It’s been a while since I’ve posted a cooking blog, but I recently did my own personal take on a classic comfort food, Chicken Parmesan. The idea for the recipe came out of a poorly executed replacement sauce a few weeks back. When Heather, suggested that it could be turned into a slightly different variation on Chicken Parm. And last week after figuring some details out I made it and it tastes amazing!
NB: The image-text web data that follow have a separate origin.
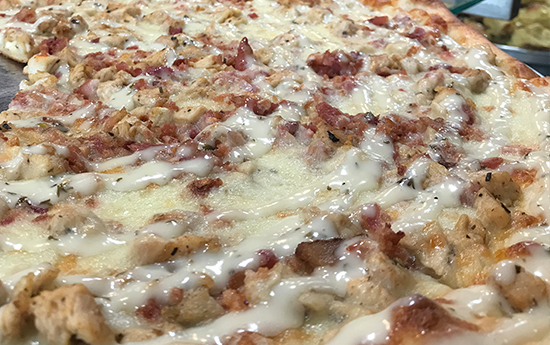 chicken bacon ranch pizza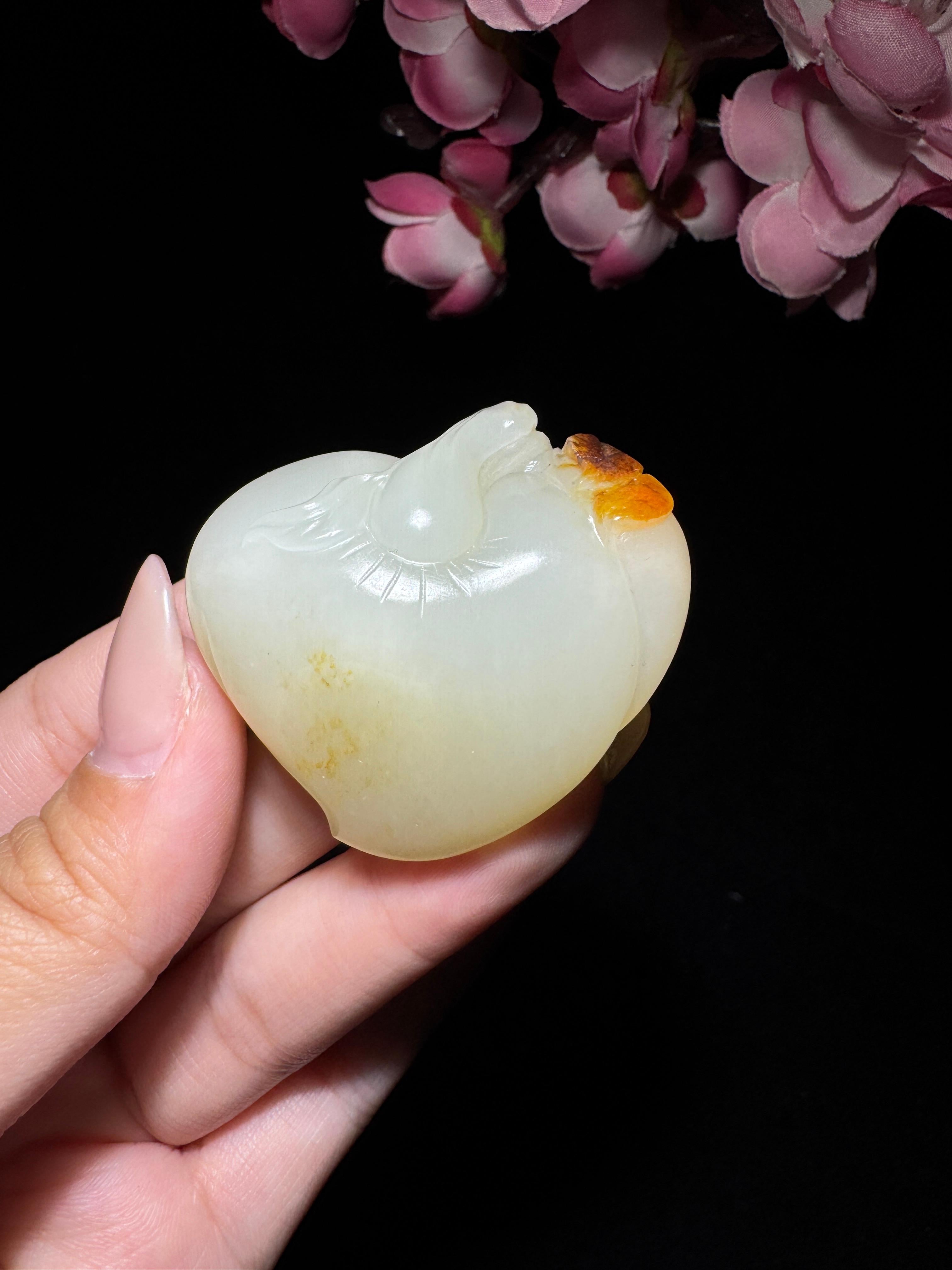 和田玉籽料白玉如意挂件（44.6g）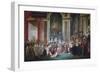 Coronation of Emperor Napoleon I and Coronation of the Empress Josephine in Notre-Dame De Paris, De-null-Framed Giclee Print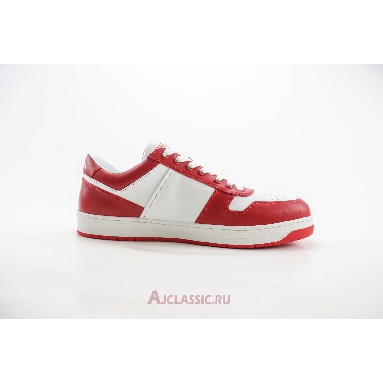 Buy Prada Downtown Leather Sneaker White Lacquer Red Red 2EE364_3LKG_F0O3N Quality Reps Replicas Shoes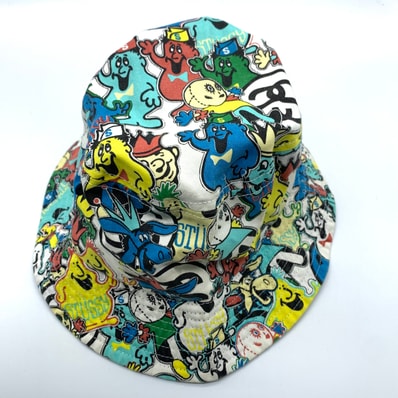 STUSSY バケットハット 総柄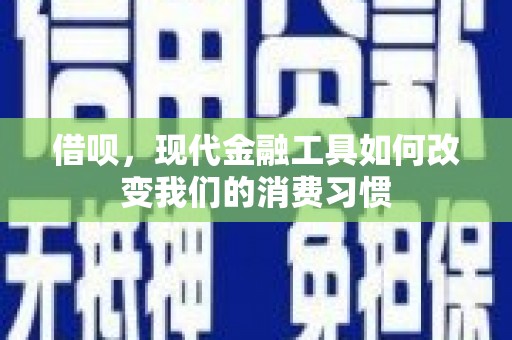 乐东借呗，现代金融工具如何改变我们的消费习惯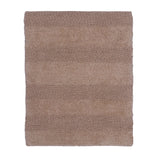 Knightsbridge Stylish And Comfortable All Season Traditional Wide Cut Design Cotton Bath Rug 17" X 24" Natural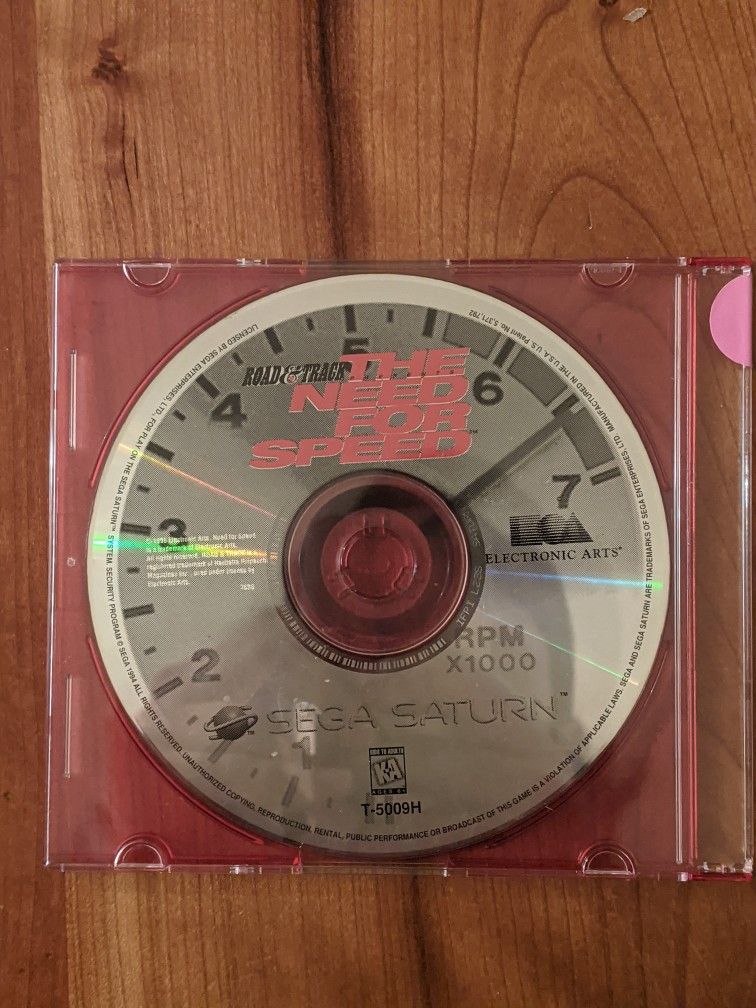 The Need for Speed Sega Saturn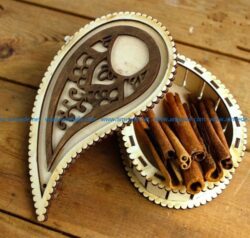 Cinnamon box file cdr and dxf free vector download for Laser cut CNC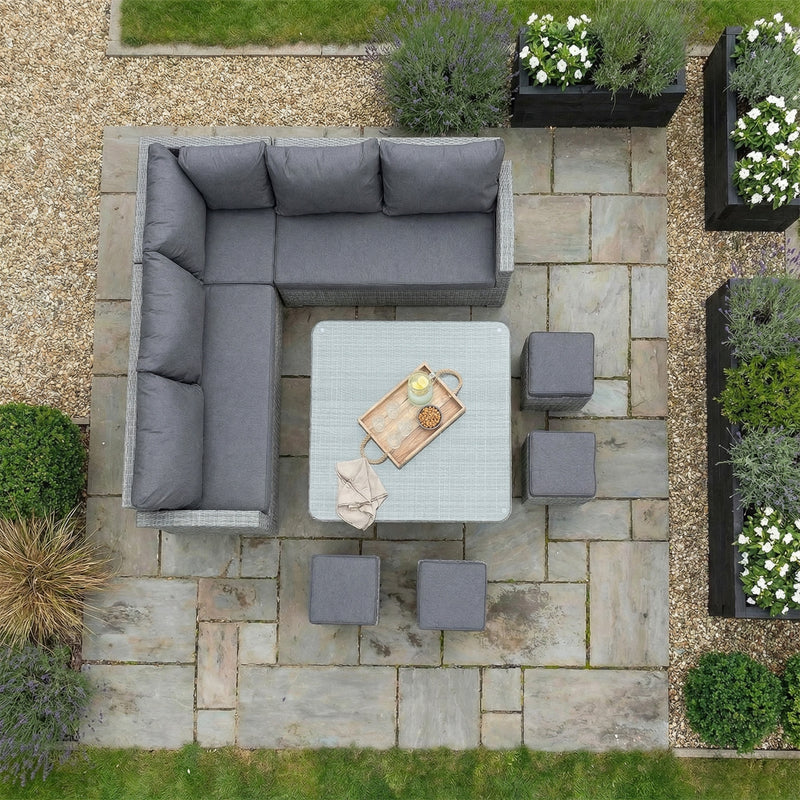 Bracken Outdoors Dakota Square Corner Sofa Garden Furniture Set with Height Adjustable Table - Image 3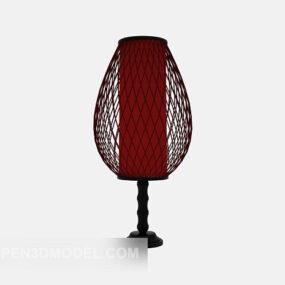 Chinese Table Lamp Antique Design 3d model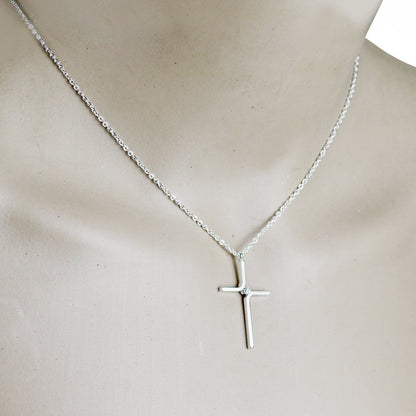 K & S | Kreuz Anhänger Halskette Titanstahl Vergoldet – Robuster & Eleganter Schmuck für Damen & Herren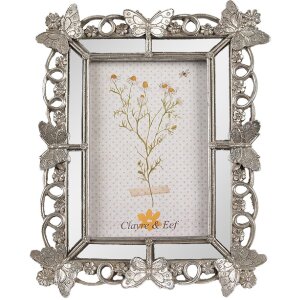 Clayre & Eef 2F1123 Fotorahmen 21x2x26 cm Silber...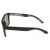 Modne okulary przeciwsłoneczne E08 CZARNE z niebiesko zielonym lustrem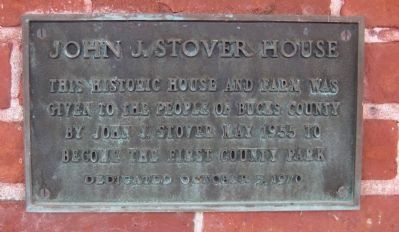 John J. Stover House Marker image. Click for full size.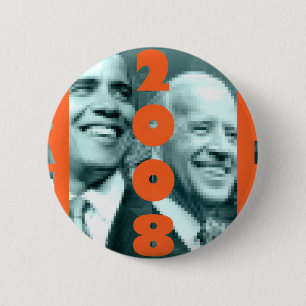 Obama Biden 2008 Button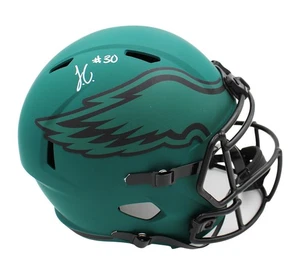 Von Jihaad Campbell signierter Philadelphia Eagles Speed Full Size Rave NFL Helm - Bild 1 von 2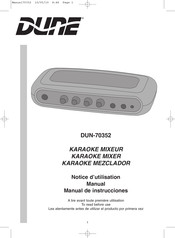 DUNE DUN-70352 Notice D'utilisation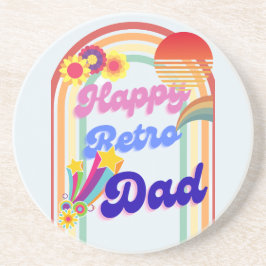 Lycklig Retro Pappa Underlägg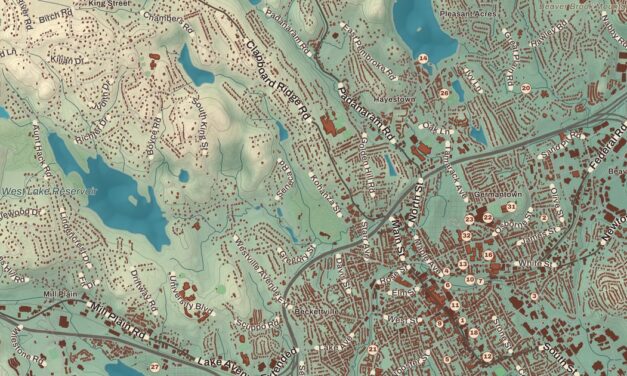 Beautifully Detailed Map of Danbury, Connecticut
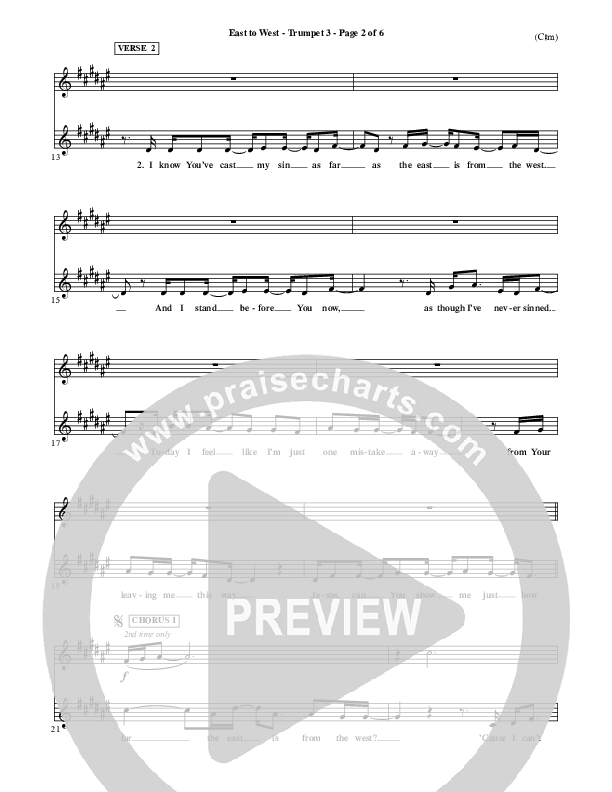 East To West Trumpet 3 (Mark Hall)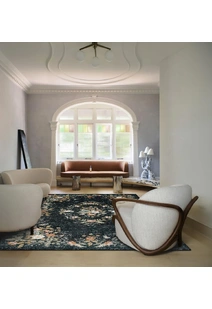 Aubusson Floral Medallion Rug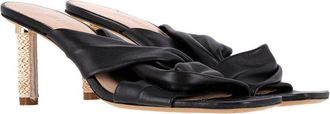 Jacquemus Womens Leather Bellagio Crossover Sandal (Authentic Pre-Loved)
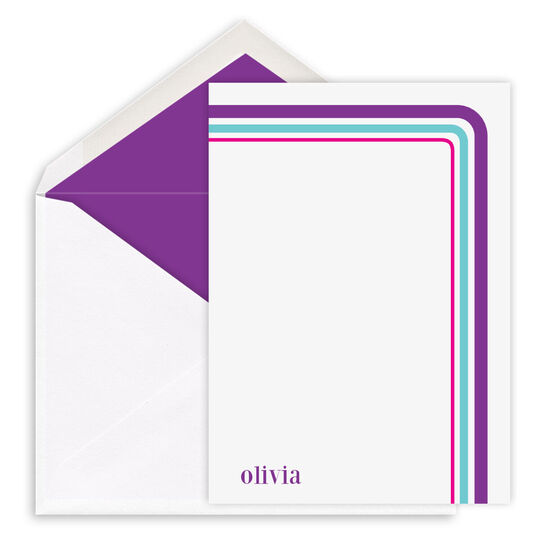 Groovy Lines Petite Flat Note Cards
Not to mention it gives the dish a little more communal feel and makes it super easy to scale up or down.

It can be a bit messy.

Preparation: 10 Minutes
Cooking: 30 Minutes
Total: 40 Minutes

Boneless Skinless Chicken Breasts or Thighs (Both work)
1 Can Pizza or Marinara Sauce
Panko Breadcrumbs
1/4 Cup Flour
1 Tbs Garlic Powder
2 Eggs
Parmesan Cheese
Pizza Mozzarella

Preheat the oven to 400F. Cut the chicken into bite-sized pieces, place in a zip-lock bag with the flour. Shake until the chicken is coated in the flour. Whisk the eggs in a separate container, and place the breadcrumbs, garlic powder, and parmesan cheese in another. Move the floured chicken into the egg wash, allow the chicken to be fully coated. Then place in the seasoned breadcrumbs. Coat the chicken pieces fully. Transfer the chicken to a greased glass dish and cover in your pizza/marinara sauce. Place in the oven and cook for 20 minutes.

At this point, get the water boiling and cook the pasta to al dente. Once the chicken has been in the oven for 20 minutes, remove and place the shredded pizza mozzarella and put back in the oven for another 10 minutes. Once all is cooked, plate the pasta, put the chicken on top, add extra sauce and parmesan cheese if you so desire. Serve and Enjoy!